I am not Charlie, nor will I ever be.  Wearing a Je suis Charlie badge is one sure way of getting attention, but I will leave that to others.  And another thing: Obscenity has no redeeming social value, and Charlie Hebdo was and is one long obscenity.  But let’s start with that famous Parisian march of mourners, one that had more criminals on its front row than a Mafia funeral.  How is it possible that the gangster who calls himself the emir of Qatar went marching and pretending to honor the dead journalists when it is he who is the main financier of the jihadists in Syria, Iraq, Egypt, and Libya?  Why was Netanyahu on the front row, when it is he and his fellow zealots who killed more than 1,500 innocent Gazan children among more than 2,500 dead last summer and bragged about it afterward while pretending to be victims?  Why did Angela Merkel bother to march when on that same morning she was telling Germans who wish to control Muslim immigration that they “have hate in their hearts”?  If this were a movie, people would laugh it off the screen.  Last but not least, how can a government be taken seriously when it invites so many gangsters but does not allow the leader of the largest French party, the National Front, to attend?  Incidentally, it is the only French party that, since its inception, has opposed the Islamization of France.

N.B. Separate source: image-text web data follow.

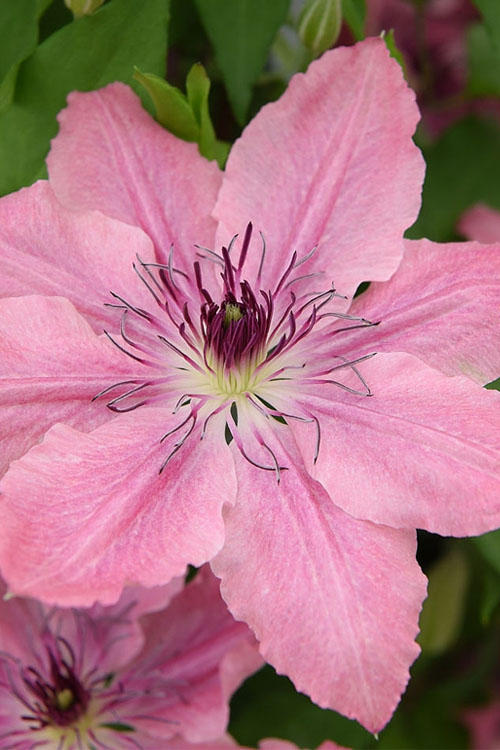  Sarah Elizabeth Clematis - 1 Gallon Pot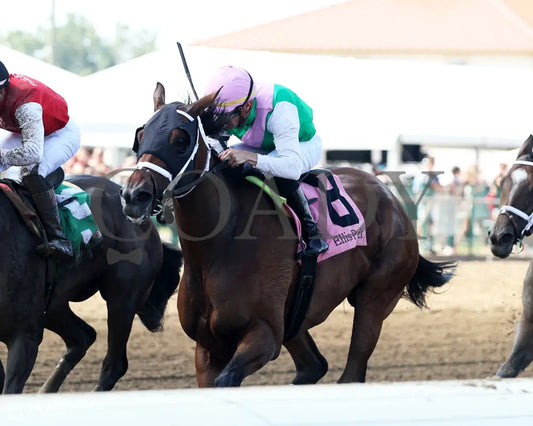 IMPEL - The Groupie Doll - 08-10-25 - R09 - ELP - Inside Finish 03 Ellis Park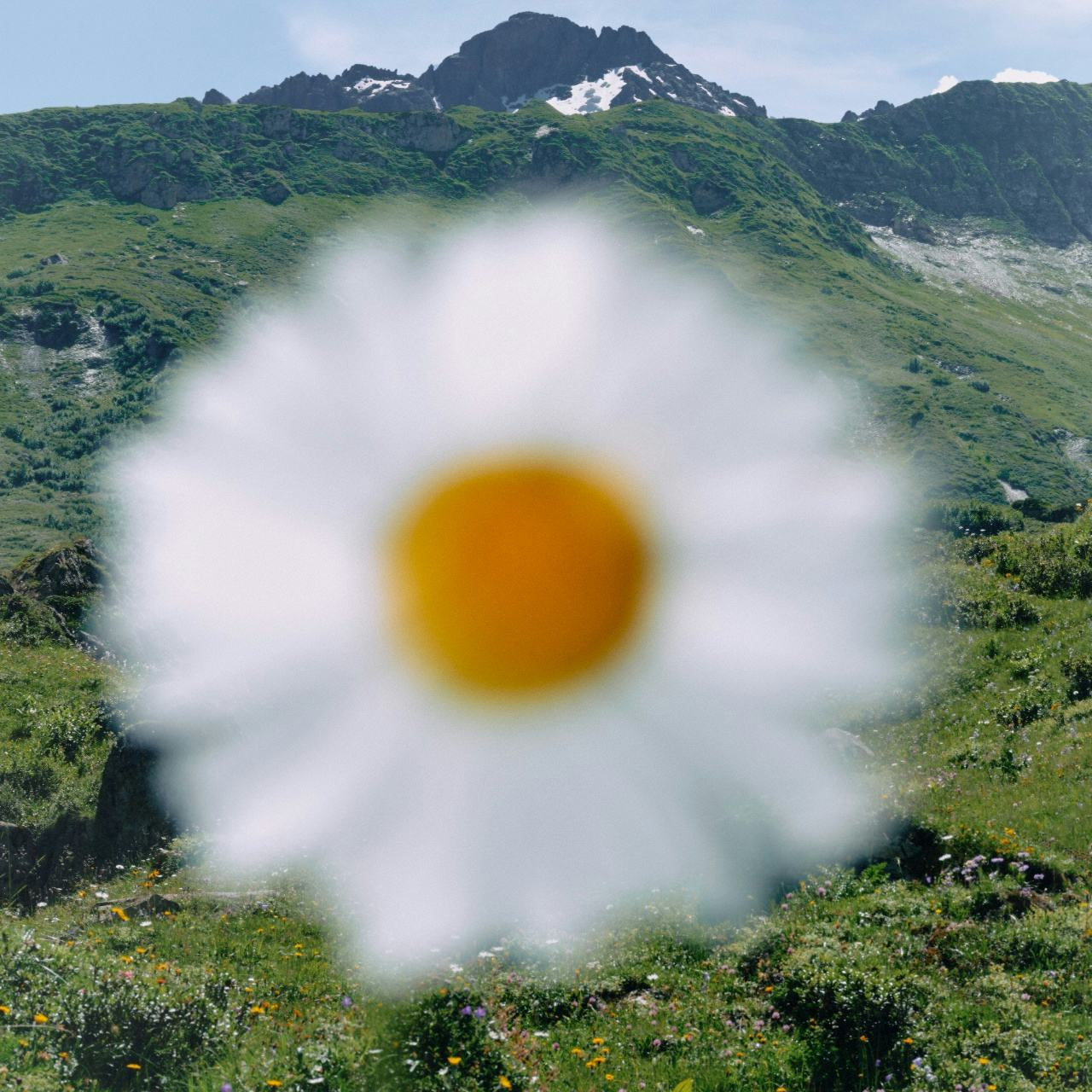 Creating Good Habits: A Path to Lasting Change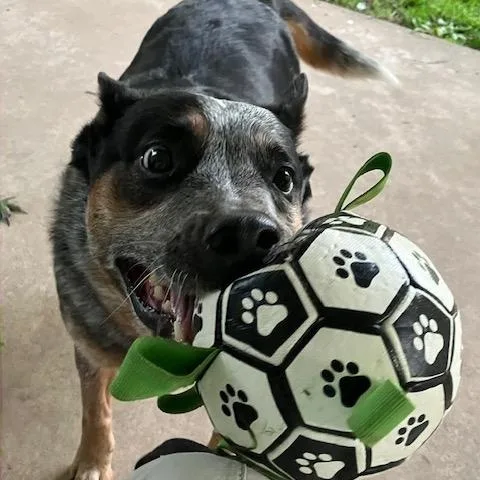 An adult medium-sized male Gray / Blue / Silver Australian Cattle Dog / Blue Heeler dog named Finnegan for adoption in Philadelphia, PA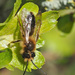 Tawny Mining Bee? by philhendry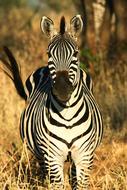 Zebra Africa Animal World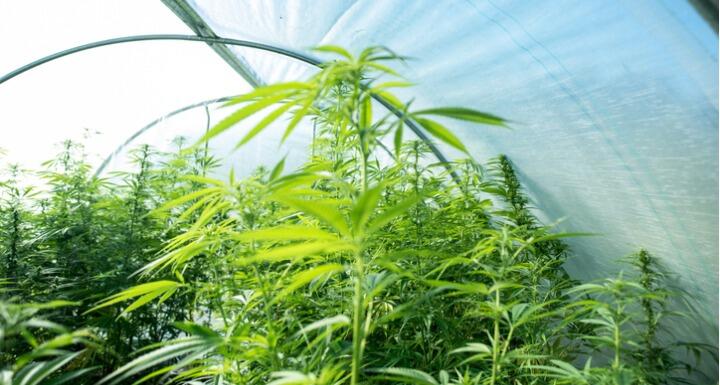 Hemp plants growing in a greenhouse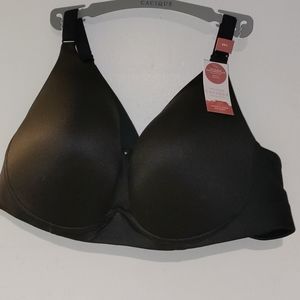 Lane bryant bra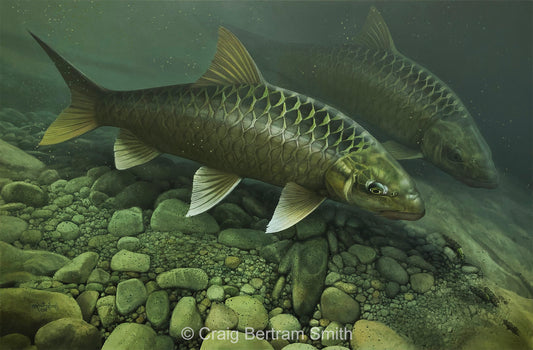 Largescale Yellowfish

Mind you, what I’m about to say has cost some commentators their jobs, but for some strange reason I don’t think it will cost me mine.  Charlie Hebdo was and is a poor excuse for a magazine, a vicious, coarse, and cruel libel machine that treats religion as a form of deviance.  Showing the Pope holding a condom above his head and intoning the Eucharistic “This is my body” could have got the magazine firebombed but didn’t, as we Christians have got used to insults.  Not so the Muslims.  They know how to stop these affronts, and I’ll bet my bottom dollar that after the rage over the killings subsides, not many covers will appear showing Muhammad’s face.  Another cover had the Virgin Mary giving birth to Christ, and another had Jesus sodomizing a bearded God the Father while being sodomized by an icon of the Holy Spirit.  I am sorry to describe such horrors in detail, but it’s the only way I can convince you that the people who died at the hands of the terrorists were not just innocent bystanders.  Actually, those who drew the cartoons were obsessed with bare bottoms and buggery, and made a good living by insulting religions and those who believe in them.  Personally, I do not regard an insult to my religion to be a capital offense, but then I’m a civilized person, and the Muslims who did the killing were not.  It’s as simple as that.

Let’s face it: Everything that appeared in Charlie Hebdo was intended to cause pain and to infuriate those who believe in religion.  It called itself a humorous weekly, but only a sick person would find any humor in it.  Which brings me to the freedom of speech conundrum.  Many millions of freedom-loving Europeans are now identifying with the magazine, one they had never heard of before the murders.  But that’s identifying themselves not with freedom but with intolerance and viciousness and many other evil things.  And as far as freedom of speech is concerned, this freedom is selective at best.  In America, neo-Nazis were allowed to march in Illinois while giving Hitler salutes, but this could never happen in the Continent that calls itself the cradle of civilization.  David Irving, the notorious historian who challenged the number of Jews killed by the Nazis, spent two years in an Austrian jail.

Finally, in the Arab world severe punishment and a cruel death await those who dare challenge the religion of Muhammad.  Arab despots do not tolerate the slightest deviation from what they interpret the Koran to say.  The only secular leader is Bashar al-Assad, and we all know the trouble he’s in.  Religion in the Third World is used to eliminate opponents and to keep people in line.  Yet the European Union has made it possible for terrorists to move freely throughout the Continent without border checks or controls.  And even after a terrorist commits a crime, he is not necessarily deported if he has any connection to a European citizen.  They call it the Human Rights Act.  Political correctness overrules the people’s safety.  Christians, however, have been arrested for quoting the Bible in the street, for fear of giving offense to minorities.  One man’s free expression may be another man’s hate speech, but the Europeans have yet to figure this one out.  At best, it is a travesty; at worst, it means having the freedom to murder innocents in the name of the prophet.  Charlie Hebdo’s hacks paid the ultimate price for blasphemy.  I was as appalled as the rest of you, but then I never agreed to turn Europe into a hotbed of terror by admitting Muslim immigrants who refuse to integrate.